→ Task statement
Below are records with pictures; copy word for word only the lines between the line with "Sechster Abschnitt. Ueber" and the line with "Sasuke Susano Fire", inclusive, and drop the pictures.
[Opening Source records section]
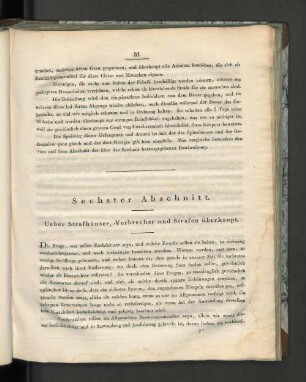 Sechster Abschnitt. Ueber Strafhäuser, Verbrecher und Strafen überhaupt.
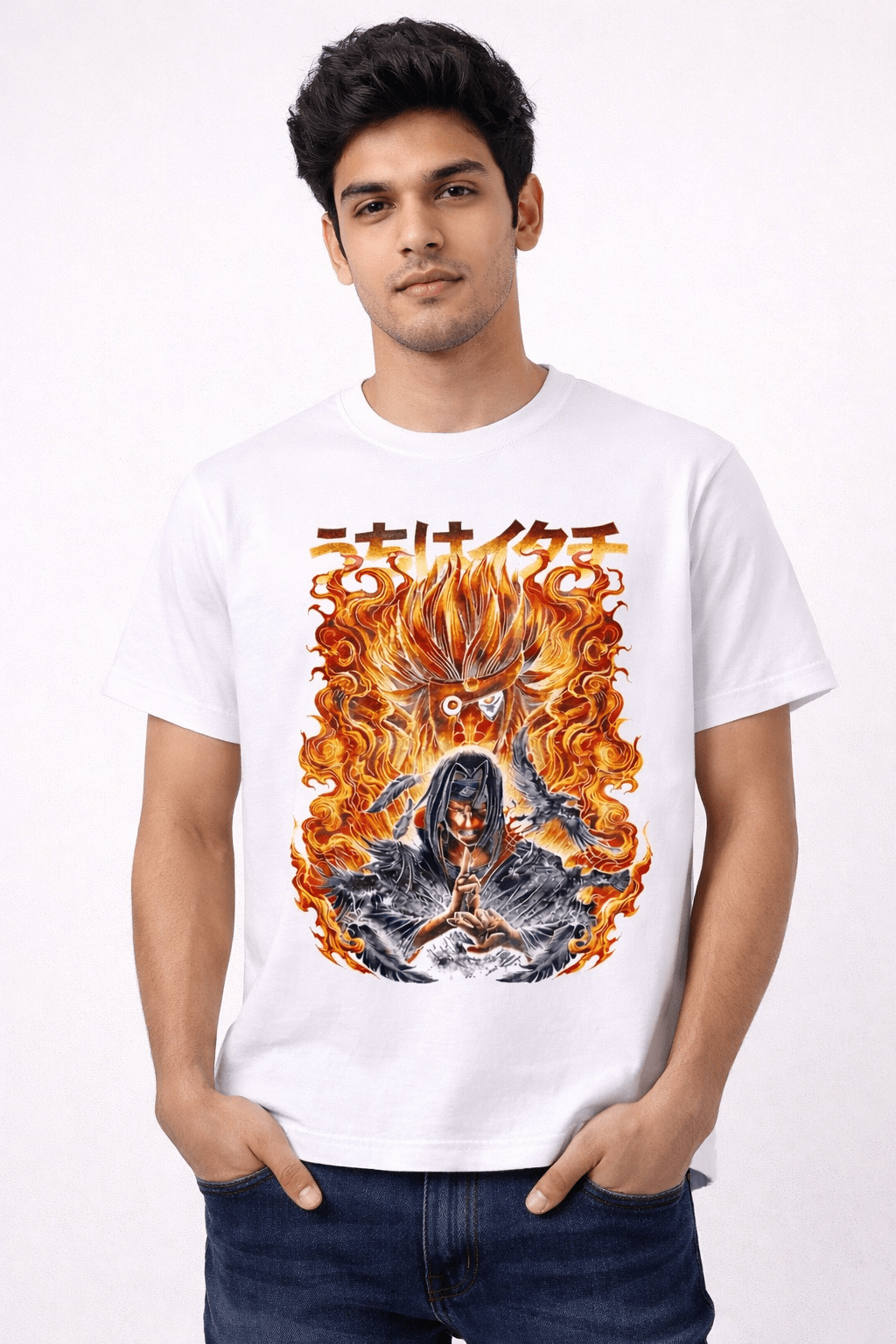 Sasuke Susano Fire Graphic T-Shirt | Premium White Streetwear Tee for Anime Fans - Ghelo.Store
[Closing Source records section]
[Opening Source records section]
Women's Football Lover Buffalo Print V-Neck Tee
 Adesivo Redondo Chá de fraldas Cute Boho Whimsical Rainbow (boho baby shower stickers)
[Closing Source records section]
[Opening Source records section]
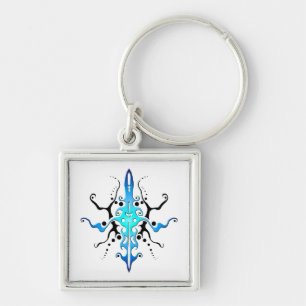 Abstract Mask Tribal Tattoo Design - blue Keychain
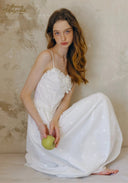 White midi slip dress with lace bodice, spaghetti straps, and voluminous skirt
[Closing Source records section]
→ Answer to this problem
 Sechster Abschnitt. Ueber Strafhäuser, Verbrecher und Strafen überhaupt.
 Sasuke Susano Fire Graphic T-Shirt | Premium White Streetwear Tee for Anime Fans - Ghelo.Store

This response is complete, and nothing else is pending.